Hoping maybe one of you might have a cool idea of how I can solve this problem. I was thinking a custom driver might work, but now I think the UL restrictions are built into the hardware.
My goal is to have two abilities that the GoControl does not offer:
- Cracking open the garage door, and
- Opening the door from a cracked/vented position. (Means bypassing the one minute UL restriction.)
Here's what I've accomplished so far:
- From a fully-open position, I can trigger a 'vent' operation. I use RM to send the close command to the GC, then as soon as the door starts moving, I toggle a power outlet that runs the actual Z-Wave GC module. This causes a TAMPER status, and UNKNOWN door status. I've got the timing just right so that from a fully-open position, the GC reboots quickly enough to pick up the GC door sensor change, which fixes the unknown/tamper situation.

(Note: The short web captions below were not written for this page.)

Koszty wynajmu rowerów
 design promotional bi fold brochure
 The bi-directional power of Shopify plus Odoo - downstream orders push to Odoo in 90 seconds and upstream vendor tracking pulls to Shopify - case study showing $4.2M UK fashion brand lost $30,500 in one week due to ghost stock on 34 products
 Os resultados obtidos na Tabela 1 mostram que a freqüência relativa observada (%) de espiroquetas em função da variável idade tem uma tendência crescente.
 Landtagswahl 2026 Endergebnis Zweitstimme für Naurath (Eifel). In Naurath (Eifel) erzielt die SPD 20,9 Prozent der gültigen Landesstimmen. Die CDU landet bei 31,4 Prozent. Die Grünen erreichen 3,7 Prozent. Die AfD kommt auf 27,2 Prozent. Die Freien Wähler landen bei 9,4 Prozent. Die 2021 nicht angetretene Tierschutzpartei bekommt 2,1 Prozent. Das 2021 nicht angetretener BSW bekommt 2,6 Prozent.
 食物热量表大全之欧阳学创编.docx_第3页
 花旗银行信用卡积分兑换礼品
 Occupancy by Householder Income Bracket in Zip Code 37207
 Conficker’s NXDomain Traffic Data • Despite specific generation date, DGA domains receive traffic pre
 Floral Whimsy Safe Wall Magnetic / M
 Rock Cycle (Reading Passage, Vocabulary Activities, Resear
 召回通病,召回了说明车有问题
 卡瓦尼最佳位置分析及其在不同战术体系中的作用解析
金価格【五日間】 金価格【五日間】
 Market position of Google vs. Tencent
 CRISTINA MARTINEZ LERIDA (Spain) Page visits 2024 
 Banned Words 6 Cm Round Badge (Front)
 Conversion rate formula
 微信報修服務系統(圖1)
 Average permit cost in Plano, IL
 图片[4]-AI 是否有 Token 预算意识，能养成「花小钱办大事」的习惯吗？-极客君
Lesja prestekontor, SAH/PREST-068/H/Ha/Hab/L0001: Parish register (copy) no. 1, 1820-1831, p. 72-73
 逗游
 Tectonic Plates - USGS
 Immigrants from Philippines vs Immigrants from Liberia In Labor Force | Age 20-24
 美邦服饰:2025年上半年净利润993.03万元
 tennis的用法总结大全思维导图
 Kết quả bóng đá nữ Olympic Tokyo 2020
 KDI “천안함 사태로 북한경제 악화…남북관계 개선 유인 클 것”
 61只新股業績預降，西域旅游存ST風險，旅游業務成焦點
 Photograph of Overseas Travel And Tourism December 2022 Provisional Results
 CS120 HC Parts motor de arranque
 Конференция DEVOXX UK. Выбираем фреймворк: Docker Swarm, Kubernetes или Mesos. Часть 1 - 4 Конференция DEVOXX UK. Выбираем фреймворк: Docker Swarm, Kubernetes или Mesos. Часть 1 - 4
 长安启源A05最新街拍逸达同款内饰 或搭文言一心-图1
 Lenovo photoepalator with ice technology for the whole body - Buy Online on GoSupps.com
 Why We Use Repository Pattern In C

- Door closes. RM detects that my secondary contact sensor is closed, and then fires the GC to open the door. I kill the actual garage motor after 1 second, and I get a nice, consistent vent.
What I cannot figure out:
- Modify the GC driver to somehow use my external contact sensor. I find the tilt sensor to be much less reliable. Since the door still reports CLOSED while in a vented position, this causes me quite a headache.
- Starting from a vented position, close the door, then immediately open it fully. Like you would if you were sitting at the door button. Currently the GC is unaware the door is open at all in a vented state, so I have to 'open' it, which still works. I use RM, a virtual garage door, etc to manage this. The biggest hurdle is that stupid UL requirement on timing.
A few things I don't understand:
- Are the UL requirements built into the driver, or in the hardware? If in the driver, can I bypass?
- Would it do any good to build a custom driver that allowed me to manually-set the open/close status based on my external contact sensor, so it can respond to the proper open/close command.
I feel that I'm ultimately going to have to use a relay, but I wish I didn't.